I was putting together a schema for order information for an online store. I’m sure you’ve seen dozens, probably hundreds, of these. One piece of this is the credit card information, for which a a typical element looks like this:
<CreditCard>
<Name>Elliotte Rusty Harold</Name>
<Number>5123 4567 8901 2345</Number>
<Type>Mastercard</Type>
<CVV2>314</CVV2>
<Expiration>2007-01</Expiration>
<Address1>6 Metrotech Center</Address1>
<Address2>Dept. of Computer Science</Address2>
<City>Brooklyn</City>
<State>NY</State>
<Zip>11201</Zip>
</CreditCard>
Now imagine we want to validate that.
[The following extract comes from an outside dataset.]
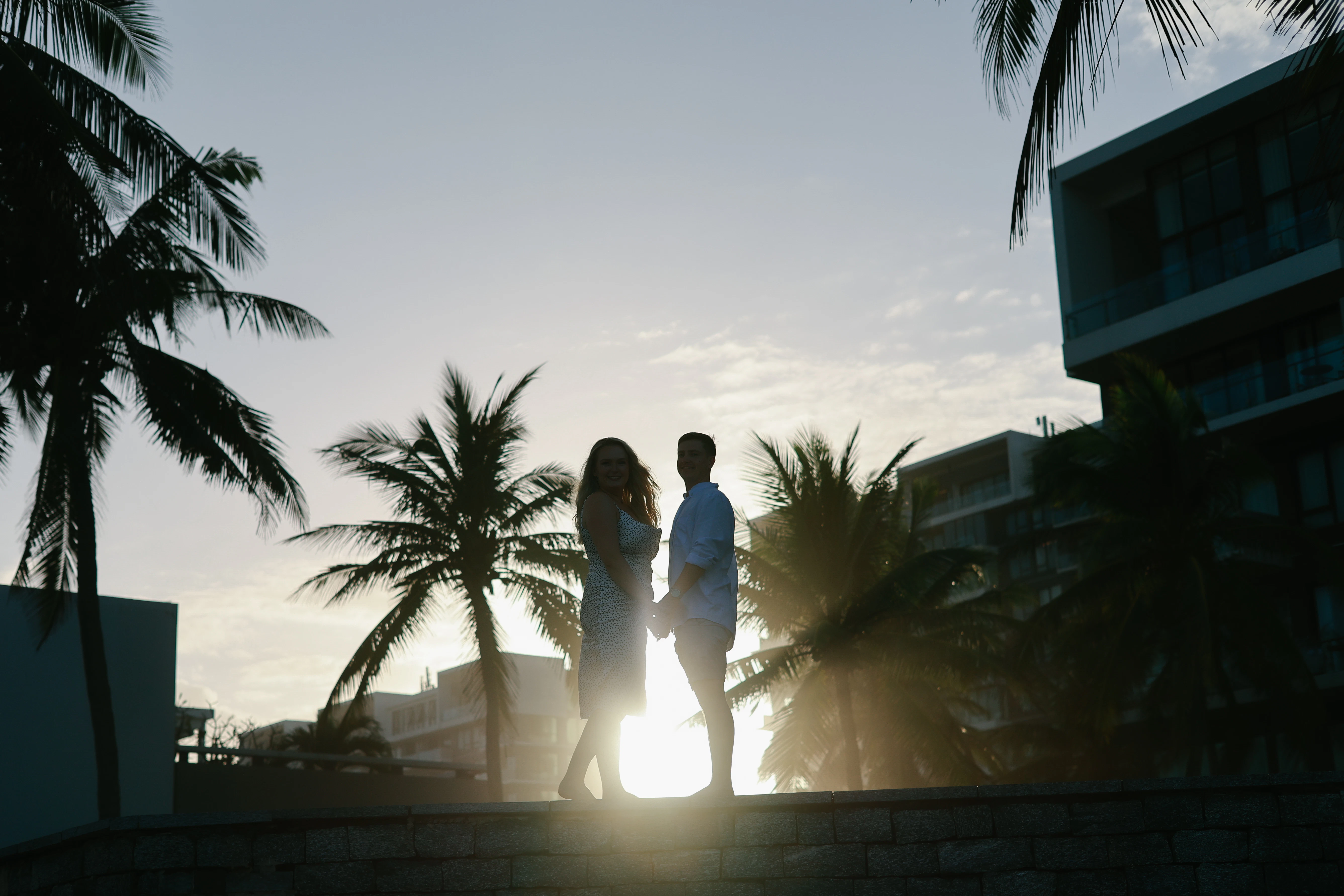 Couple holding hands against a sunset with palm trees.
There are actually several coocccurence constraints just in those ten fields:
- If the card type is American Express, then the first digit of the card is 3
- If the card type is Visa, then the first digit of the card is 4
- If the card type is Mastercard, then the first digit of the card is 5
- If the card type is American Express, the security code (CVV2) is four digits; otherwise it’s three digits.
Of course there are also quite a few other things besides co-occurrence constraints we can’t validate in the schema:
- The credit card is authorized for the purchase.
- The expiration date is in the future.
- The credit card checksum is correct.
- The zip code matches the city and state.
I could actually write RELAX NG extension functions to handle the first three, though that might not be the best architecture for the problem. The rule that the zip code must match the city and state is actually a co-occurrence constraint that requires access to external data, and RELAX NG custom type libraries can’t handle that.
Declarative schemas may be a useful tool, and are easier to write than imperative validation code. However, they’re rarely able to check everything you need to check. Schema validation can be the first step in deciding whether to accept a document. It usually shouldn’t be the last.
December 20th, 2006 at 9:42 am
The reason RELAX NG can’t handle the last case is not that it requires access to external data, but that the finite enumeration involved (of all valid city/state/zip triplets) is just too fardling big. There are something like 43,000 zipcodes in the U.S., and there is often more than one city name that they validly map to (see the Wikipedia article for details). You could (mechanically) construct a schema that represents that mapping, but I have no idea how long it would take to match against it.
BTW, Discover card numbers have a first digit of 6, and Diners Club card numbers assigned outside North America have 3. Full details at http://en.wikipedia.org/wiki/Credit_card_numbers .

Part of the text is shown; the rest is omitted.